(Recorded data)

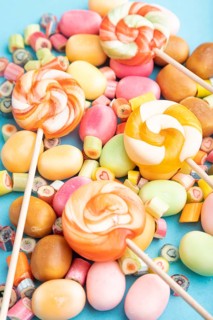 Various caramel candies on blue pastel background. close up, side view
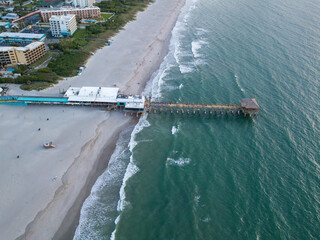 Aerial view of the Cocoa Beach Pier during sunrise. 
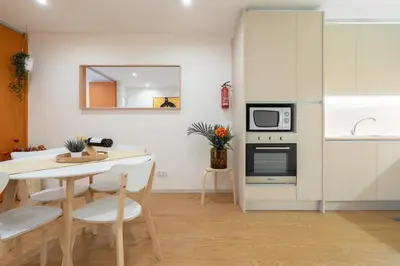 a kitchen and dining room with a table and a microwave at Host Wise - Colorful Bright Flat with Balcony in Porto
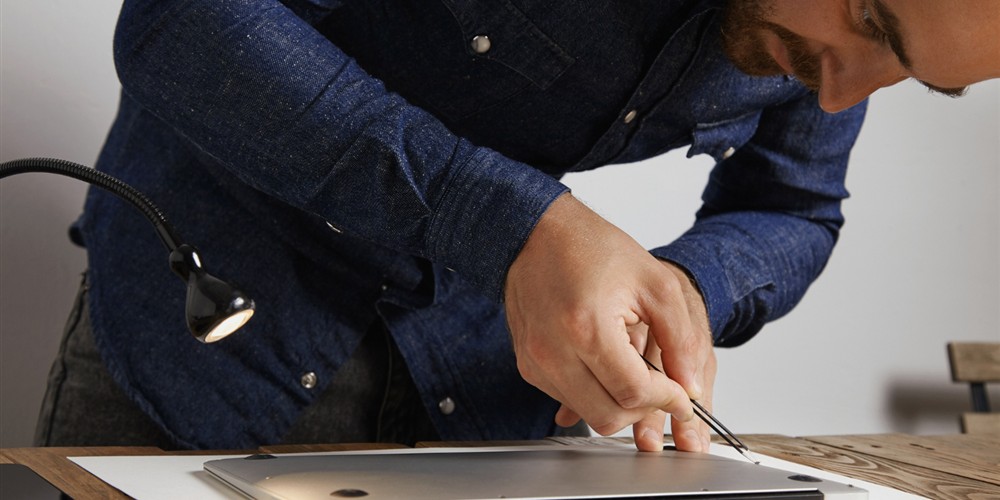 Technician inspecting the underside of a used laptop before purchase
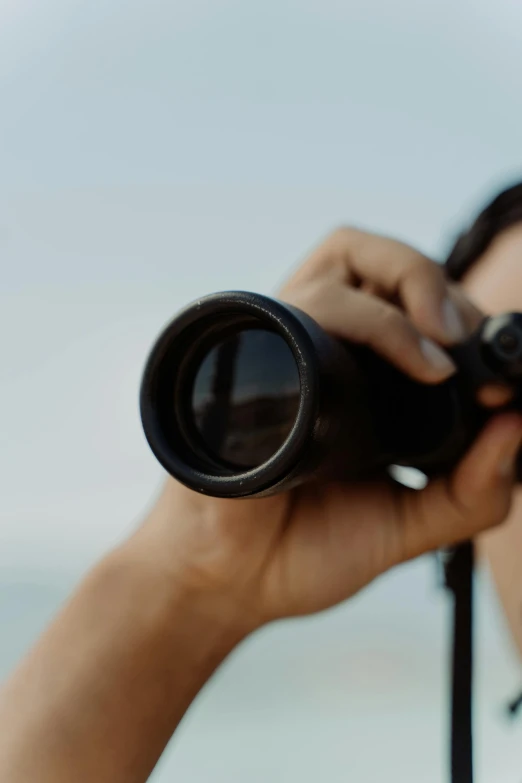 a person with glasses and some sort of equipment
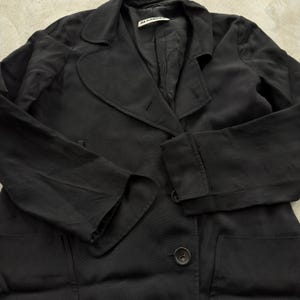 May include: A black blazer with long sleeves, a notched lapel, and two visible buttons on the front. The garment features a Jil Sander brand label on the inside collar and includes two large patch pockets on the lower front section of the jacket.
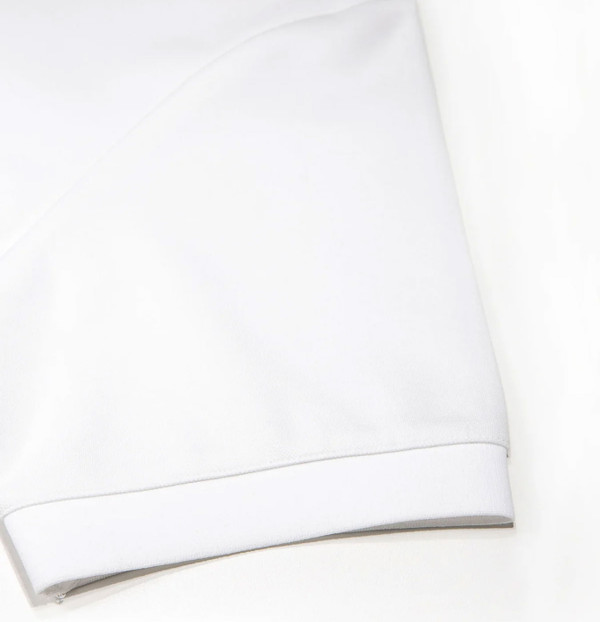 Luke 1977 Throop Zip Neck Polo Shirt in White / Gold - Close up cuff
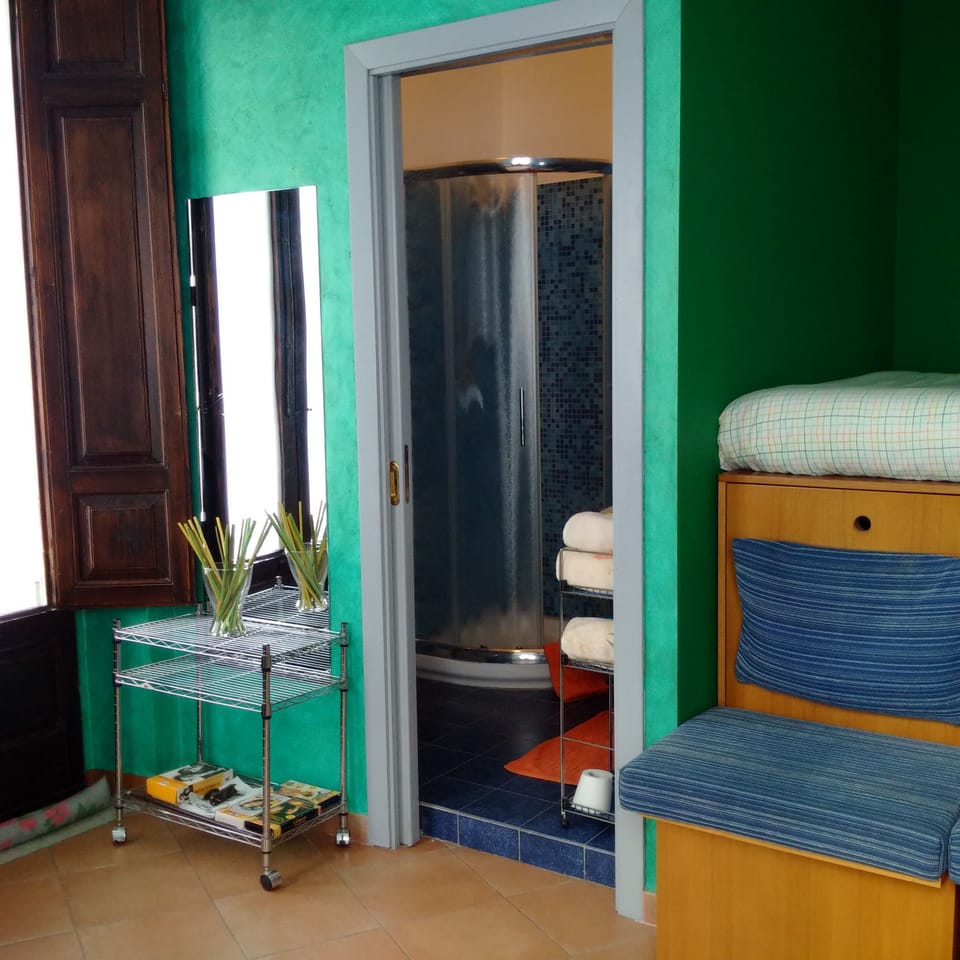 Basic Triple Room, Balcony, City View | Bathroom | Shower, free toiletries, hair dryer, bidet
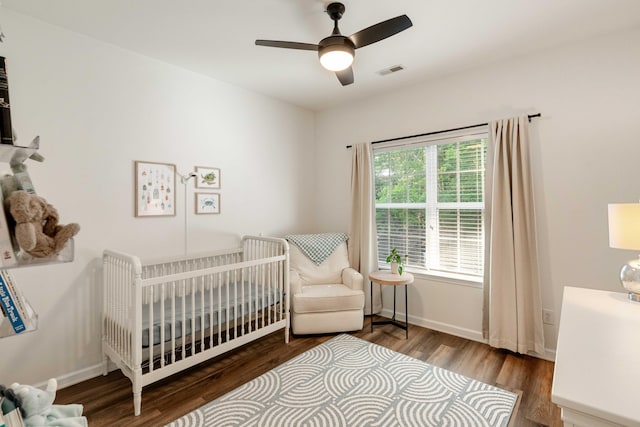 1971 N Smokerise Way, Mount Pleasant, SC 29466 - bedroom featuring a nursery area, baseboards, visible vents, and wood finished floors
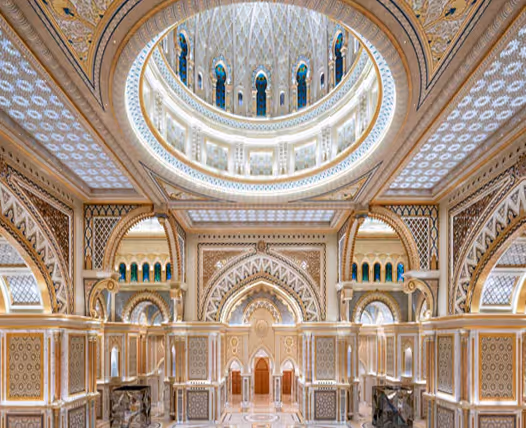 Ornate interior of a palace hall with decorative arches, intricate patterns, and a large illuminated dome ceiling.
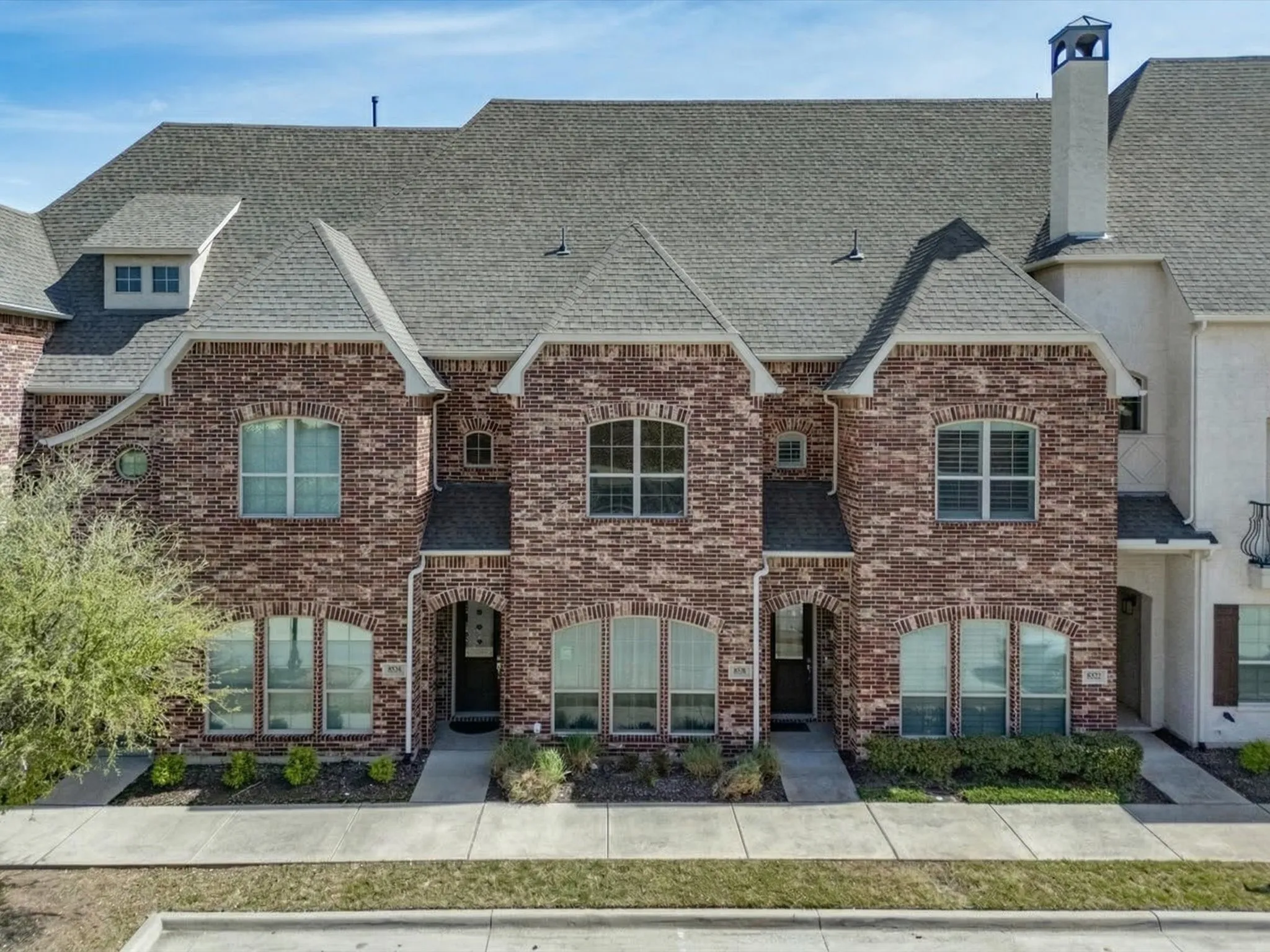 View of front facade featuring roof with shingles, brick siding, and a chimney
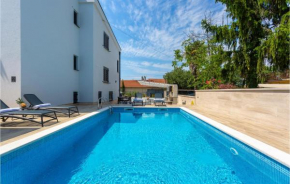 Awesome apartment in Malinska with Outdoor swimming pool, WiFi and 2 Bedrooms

Exercise goal: No pictures should appear in the copy, which holds exactly the lines from the first line of the data through the line with "Technician inspecting the" and nothing else.

Written reply:
 Various caramel candies on blue pastel background. close up, side view
 Aerial view of the Cocoa Beach Pier during sunrise. 
 a kitchen and dining room with a table and a microwave at Host Wise - Colorful Bright Flat with Balcony in Porto
 Technician inspecting the underside of a used laptop before purchase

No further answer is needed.